4. STRATEGY AND KISSES

"IT WAS THE morning of my third day in the castle," began the Chemist again, "that I was taken by Lylda before the king. We found him seated alone in a little anteroom, overlooking a large courtyard, which we could see was crowded with an expectant, waiting throng. I must explain to you now, that I was considered by Lylda somewhat in the light of a Messiah, come to save her nation from the destruction that threatened it.

"She believed me a supernatural being, which, indeed, if you come to think of it, gentlemen, is exactly what I was. I tried to tell her something of myself and the world I had come from, but the difficulties of language and her smiling insistence and faith in her own conception of me, soon caused me to desist. Thereafter I let her have her own way, and did not attempt any explanation again for some time.

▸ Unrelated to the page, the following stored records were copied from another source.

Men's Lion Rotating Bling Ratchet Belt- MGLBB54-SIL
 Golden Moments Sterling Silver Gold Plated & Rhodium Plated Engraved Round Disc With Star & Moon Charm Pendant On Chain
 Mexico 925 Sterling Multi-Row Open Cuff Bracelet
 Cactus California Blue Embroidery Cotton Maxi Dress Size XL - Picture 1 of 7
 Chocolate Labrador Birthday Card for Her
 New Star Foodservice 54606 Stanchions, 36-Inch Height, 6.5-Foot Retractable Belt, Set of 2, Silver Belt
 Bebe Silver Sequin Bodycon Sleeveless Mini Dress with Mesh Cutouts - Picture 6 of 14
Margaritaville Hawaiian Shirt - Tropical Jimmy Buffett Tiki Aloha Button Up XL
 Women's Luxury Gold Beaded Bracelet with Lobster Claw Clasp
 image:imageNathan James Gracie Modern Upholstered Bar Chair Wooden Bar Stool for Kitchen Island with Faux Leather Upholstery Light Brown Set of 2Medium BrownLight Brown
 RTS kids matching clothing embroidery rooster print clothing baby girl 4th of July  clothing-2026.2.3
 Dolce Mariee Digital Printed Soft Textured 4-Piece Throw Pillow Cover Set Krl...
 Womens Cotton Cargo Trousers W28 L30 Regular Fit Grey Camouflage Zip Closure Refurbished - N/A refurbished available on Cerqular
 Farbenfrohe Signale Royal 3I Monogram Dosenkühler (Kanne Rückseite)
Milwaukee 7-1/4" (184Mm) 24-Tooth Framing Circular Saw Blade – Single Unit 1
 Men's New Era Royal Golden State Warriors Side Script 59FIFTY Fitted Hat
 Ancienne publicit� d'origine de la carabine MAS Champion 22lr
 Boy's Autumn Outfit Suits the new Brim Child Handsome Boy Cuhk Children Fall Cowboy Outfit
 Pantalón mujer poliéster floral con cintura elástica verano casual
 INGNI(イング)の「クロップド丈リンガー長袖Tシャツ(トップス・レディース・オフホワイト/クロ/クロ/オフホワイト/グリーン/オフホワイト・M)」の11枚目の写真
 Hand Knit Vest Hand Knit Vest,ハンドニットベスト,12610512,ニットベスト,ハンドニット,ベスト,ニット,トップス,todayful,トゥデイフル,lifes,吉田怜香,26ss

"For several weeks before Lylda found me sleeping by the river's edge, she had made almost a daily pilgrimage to that vicinity. A maidenly premonition, a feeling that had first come to her several years before, told her of my coming, and her father's knowledge and scientific beliefs had led her to the outer surface of the world as the direction in which to look. A curious circumstance, gentlemen, lies in the fact that Lylda clearly remembered the occasion when this first premonition came to her.

And in the telling, she described graphically the scene in the cave, where I saw her through the microscope." The Chemist paused an instant and then resumed.

"When we entered the presence of the king, he greeted me quietly, and made me sit by his side, while Lylda knelt on the floor at our feet. The king impressed me as a man about fifty years of age. He was smooth-shaven, with black, wavy hair, reaching his shoulders. He was dressed in the usual tunic, the upper part of his body covered by a quite similar garment, ornamented with a variety of metal objects. His feet were protected with a sort of buckskin; at his side hung a crude-looking metal spear.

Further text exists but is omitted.